**Task details:** Would you write out the listing verbatim and skip every picture in it?

**Collected material:**
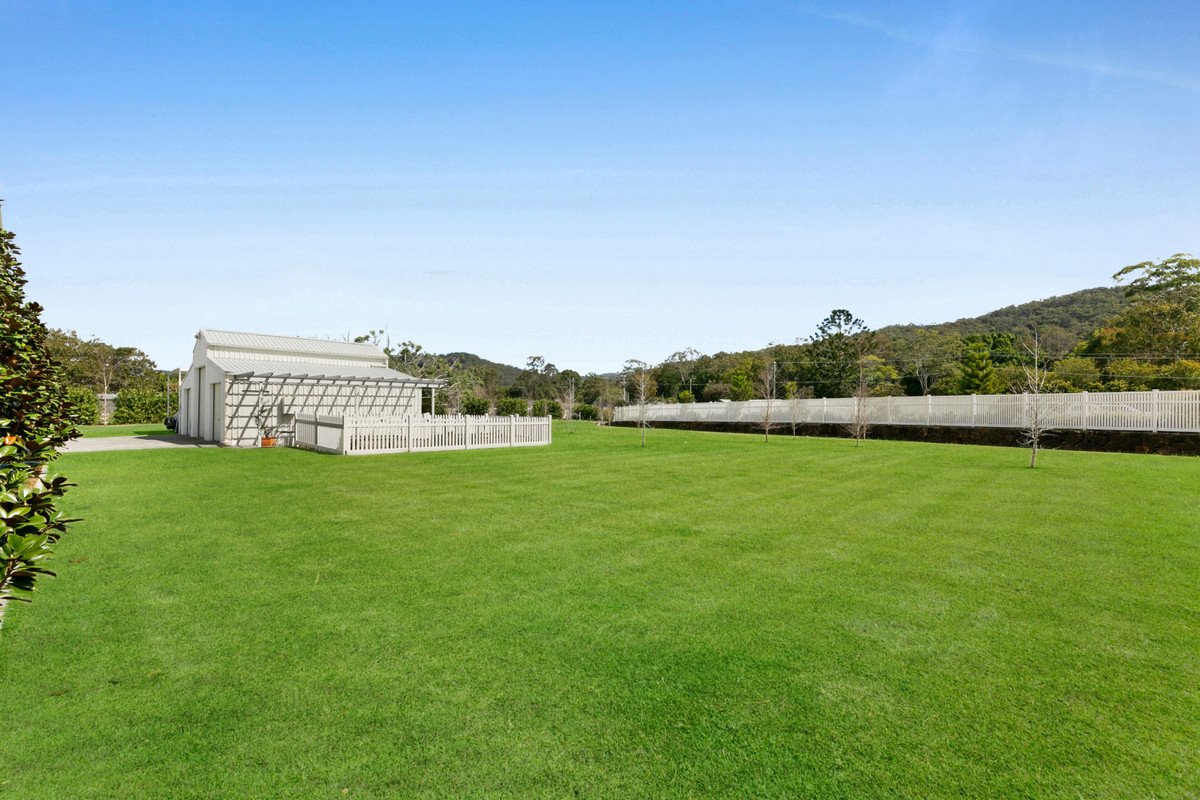 5 Maybree Close Tallebudgera 22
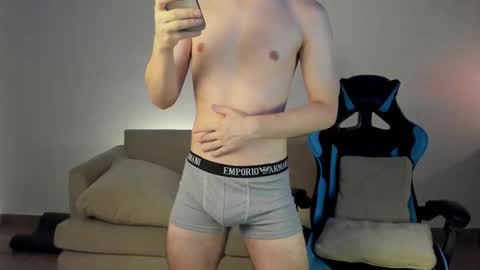 Snapshot of marcussmit chatting on February 9, 8:56 pm Marcus online show from February 9, 8:56 pm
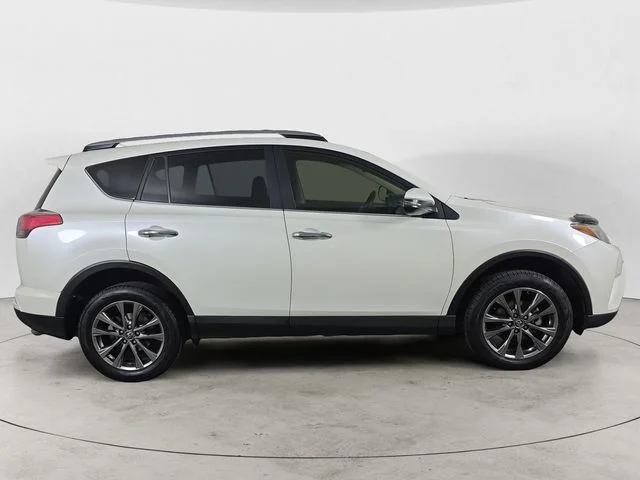 Used 2018 Blizzard Pearl Toyota Limited image 4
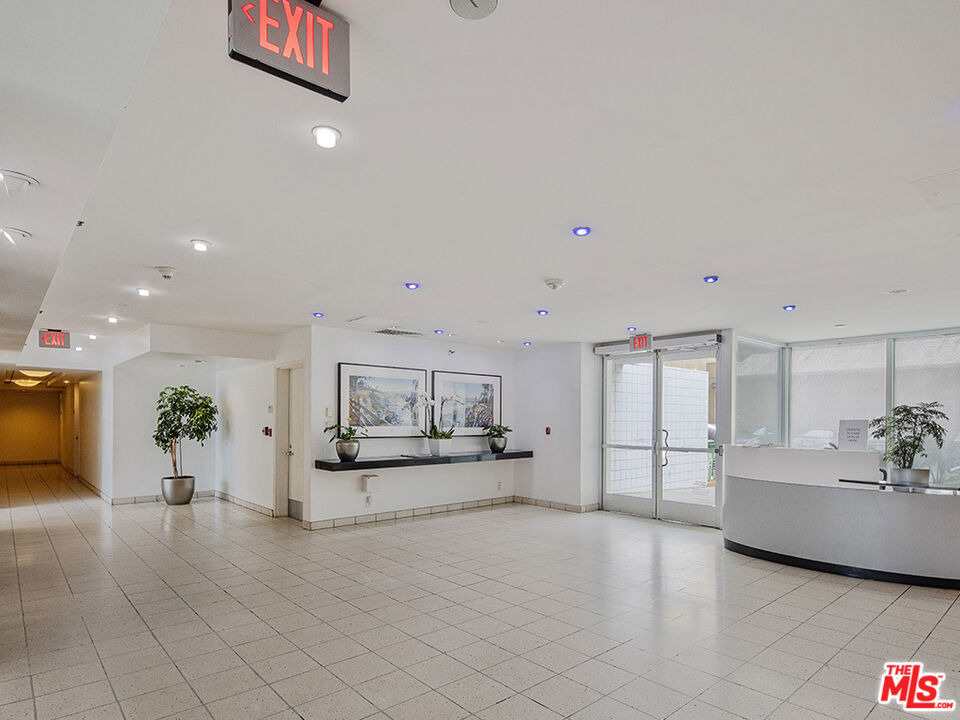 1431 Ocean Avenue - Photo 13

**Answer:**
 5 Maybree Close Tallebudgera 22
 Snapshot of marcussmit chatting on February 9, 8:56 pm Marcus online show from February 9, 8:56 pm
 Used 2018 Blizzard Pearl Toyota Limited image 4
 1431 Ocean Avenue - Photo 13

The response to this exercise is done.